Tag Archive for ministry

Discernment 2016 Review: What now?

Wednesday, 22 February 2017

Many are the plans in a person’s heart, but it is [Divine] purpose that prevails.” – Proverbs 19:21

I had a major discernment process regarding my ministry that started with an email I’d sent to my primary ministry mentor in June 2016. She responded, asking me five questions which I answered in a series of blog posts:

  1. Are you actually Christopagan, “just” pagan, multi-faith with something else, or “just” Christian?
  2. If you do feel you still actually are Christopagan, is Jesus calling you to be a priest for Him (aka have you asked Him yourself, or do you need to have one of us horse (channel) Him so you can ask)?
  3. And if He [Jesus] is calling you to be a priest for Him, do you feel that that calling requires some sort of official human recognition?
  4. Are there any other trads, denominations, or groups that are poking you in the spirituals that maybe you should go and explore before you decide on ordination in the [Progressive Christian Alliance]?
  5. What type of ministry are you being really called to, and do you really need anything other than your Circle of Cerridwen ordination for it?

So, what have I learned from this process?

Well, I’ve learned that I definitely feel called to ministry. The way certain gods and spirits and dæmons call to me (and that’s a whole other blog series in the works) I think confirms that I’m called to something.

I learned that I do indeed feel that I am a Christo-Pagan, and not simply a Pagan, and that I consider the United Church of Christ (UCC) to be my Christian home. I had been toying with the idea of ordination with the Progressive Christian Alliance (PCA) because unlike the UCC, the PCA doesn’t require a Master of Divinity (MDiv) for ordination. But the more I think about this, I feel like I’m going about this the wrong way. Not because I was trying to fast-track my ordination by choosing an ordaining body that would ordain me sooner, but because I want to be a part of the UCC. And while I could have dual standing with both the PCA and UCC, there’s something that doesn’t quite feel right about that.

But also, the more I delve into the world of Christianity the more I feel that while I certainly am Christian laity that maybe I shouldn’t be Christian clergy. In spite of being involved in Christianity since my birth, I’m always finding new things about it. And a lot of what I’m finding lately disturbs me. So much of modern Christianity seems utterly disconnected from the what appears to be the message of Christ as recorded in the Gospels, both canon and gnostic. This seemed to happen a lot in an online discussion group devoted to the Progressive Christian Alliance.

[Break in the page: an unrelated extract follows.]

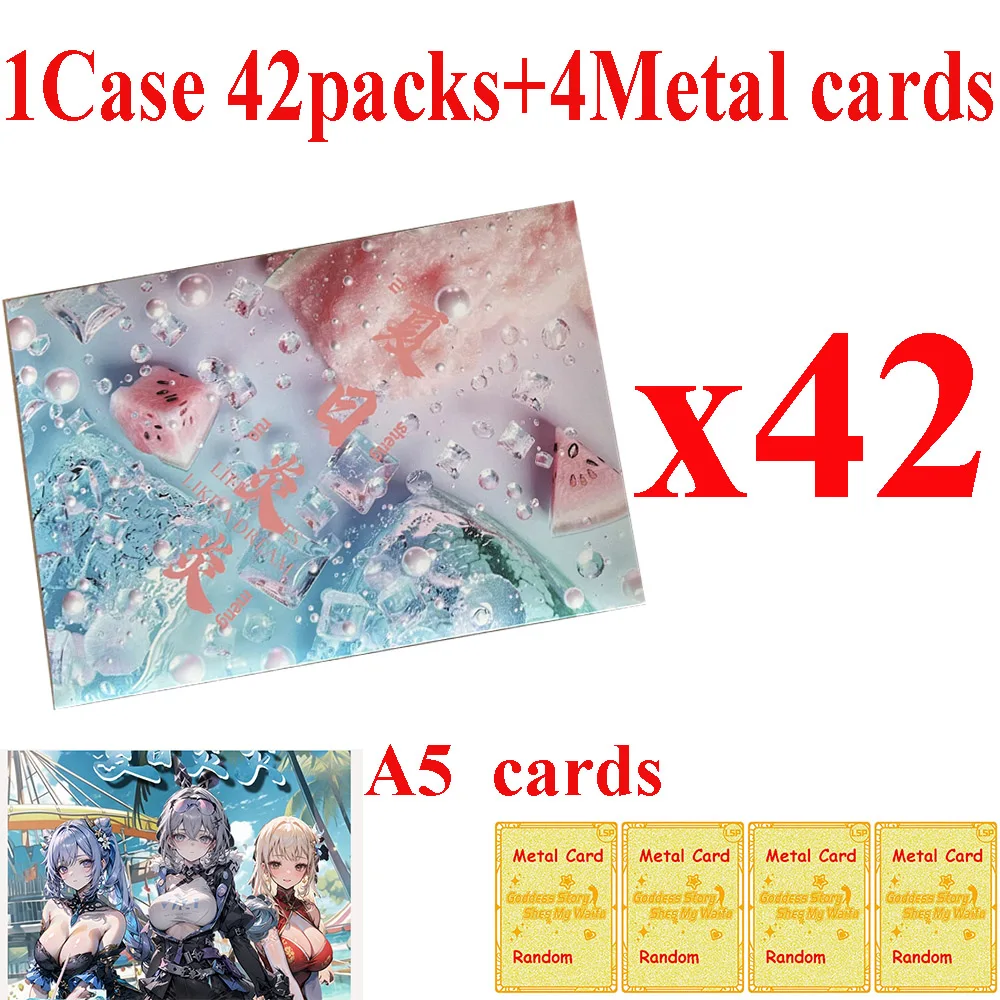 Anime Card Hobbies Store 1Case Goddess Story Collection Card Waifu Booster Box CCG ACG TCG Doujin Toys And Hobbies Gift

I’ve seen the Golden Rule and the Second half of the Great Commandment applied selectively. One person had even gone so far as to describe treating other with the same respect he wanted to be shown as “onerous.” Respect for Other faith traditions is granted … to an extent. Some members of the group flat-out refused to grant respect to some traditions, even when presented with evidence of the good work those Others have done.

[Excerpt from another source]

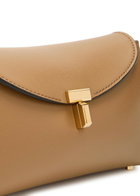 Toteme T-lock Mini Leather Clutch - Camel - One Size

I never wanted to be one of Those Christians who becomes so disillusioned with the faith that I leave it. While I’m not at the point where I feel like I’ll be leaving Christianity entirely, I am at the point where I am renouncing my call to ordained Christian ministry.

This is right and proper. Am I content with “merely” being laity? I’d be lying if I said, “Yes.” I feel envy as I see the social media updates from those whom I used to attend seminary with as they finish their programs and prepare for their public ministries. I want to be with them: studying, working, ministering. But, there are a great many ways to minister.

In my coven, the word “priest” is more than a title. It’s also used as a verb. And can most certainly performing priesting without being Christian clergy.

Discernment question 5: What type of ministry are you being really called to, and do you really need anything other than your Circle of Cerridwen ordination for it?

Wednesday, 1 February 2017 (in response to this post)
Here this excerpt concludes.